The vehicle must be placed in service during the tax year that you claim the section 179 deduction. So for your first question...yes. Remember the equipment has to be used at least 50% for business and you can only deduct the business use %. Why do you have to go that route?


----------



## SeattleBlue (Dec 13, 2016)

LauberX Thanks , One other question please .
Suppose I go the mileage route for deduction - I take a Ping at 6am .....then drive to school in edmonds from Seattle At 10am ...then take another ping . Then later drive to the Coffee shop for a latte and finally take one last ping after that . Do I have to log the start and end times and mileage for EACH ping - making sure to subtract or somehow note that the car was used for personal use for the drive to edmonds & the Coffee shop ?


----------



## SeattleBlue (Dec 13, 2016)

UberTaxPro Thanks for the Reply , why ? - Because I have read a few posts here , that say that if you buy a new car and use the section 179 deduction you get a good first year deduction of like an additional 11000 over the standard depreciation that you get with the Standard Mileage deduction . Not sure how much I'll be driving so the 179 deduction may not be necessary ...perhaps for the first year I can do both and then decide at the End of the Year which was best ? Not sure if that's allowed or you have to claim method ...either mileage or expenses at the start of the year ?


----------



## SeattleBlue (Dec 13, 2016)

By the way - How questionable would it be - that since I have to go to School in edmonda 2x a week for school - that I just turn my App on and drive up there and then after class I take a ping . The last thing I want to do in the entire world is put myself in trouble with the IRS ...but that would be a Way so that my personal miles on the car was lessened .. I could also drive up to Edmonds before class and take a ping [if that's realistic to expect to always get a ping] and then go to class afterwards . Think the IRS might have a problem with that ? I don't want to be in the spot where I get audited and the IRS looks at my uber records and see's I drove to Edmonds every monday and wednesday at 9am and claimed I was working ....UNLESS ....taking a ping up there would be considered still in compliance with the law.

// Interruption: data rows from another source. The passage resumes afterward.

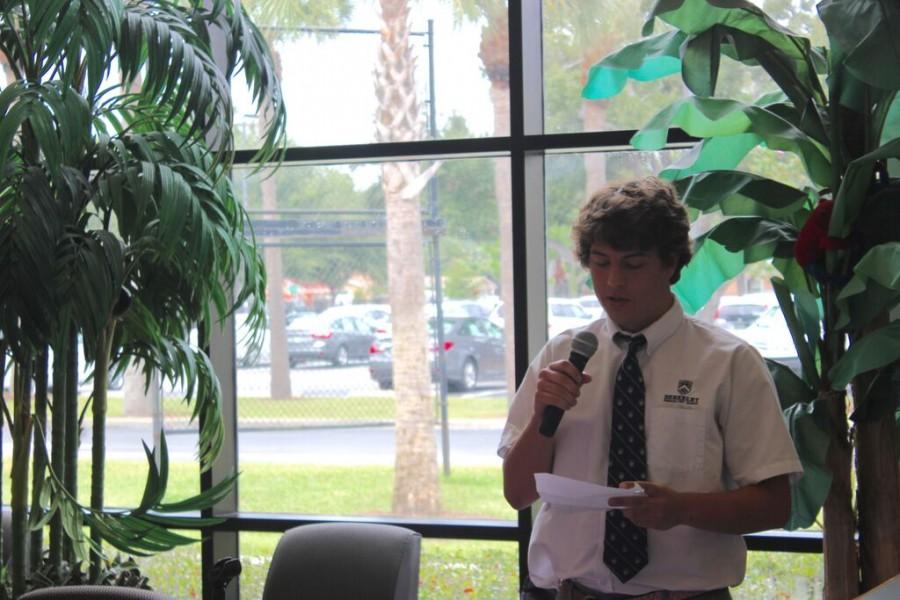 Riley Graham 16 reads a poem from his English class about when he was ill.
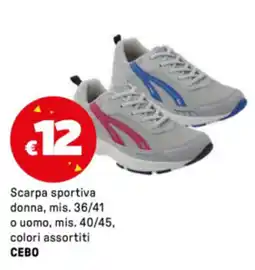 Iper La Grande Scarpa sportiva donna, mis. 36/41 o uomo, mis. 40/45, colori assortiti CEBO offerta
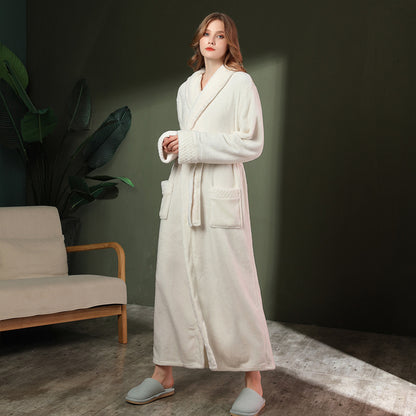 Luxury Double-Sided Coral Fleece Robe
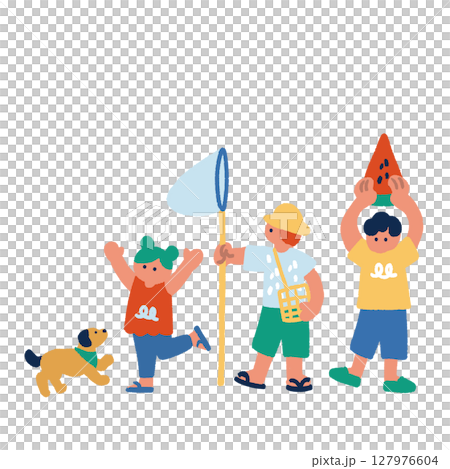 孩子們享受暑假的彩色插圖 127976604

hmmmmm..well thinking about it ...I don't see how they could object to taking a Ping BACK to seattle After my Class ! So just turn on the app in Edmonds and then hopefully get a ping that goes south toward or into Seattle.


----------



## UberTaxPro (Oct 3, 2014)

SeattleBlue said:


> UberTaxPro Thanks for the Reply , why ? - Because I have read a few posts here , that say that if you buy a new car and use the section 179 deduction you get a good first year deduction of like an additional 11000 over the standard depreciation that you get with the Standard Mileage deduction . Not sure how much I'll be driving so the 179 deduction may not be necessary ...perhaps for the first year I can do both and then decide at the End of the Year which was best ? Not sure if that's allowed or you have to claim method ...either mileage or expenses at the start of the year ?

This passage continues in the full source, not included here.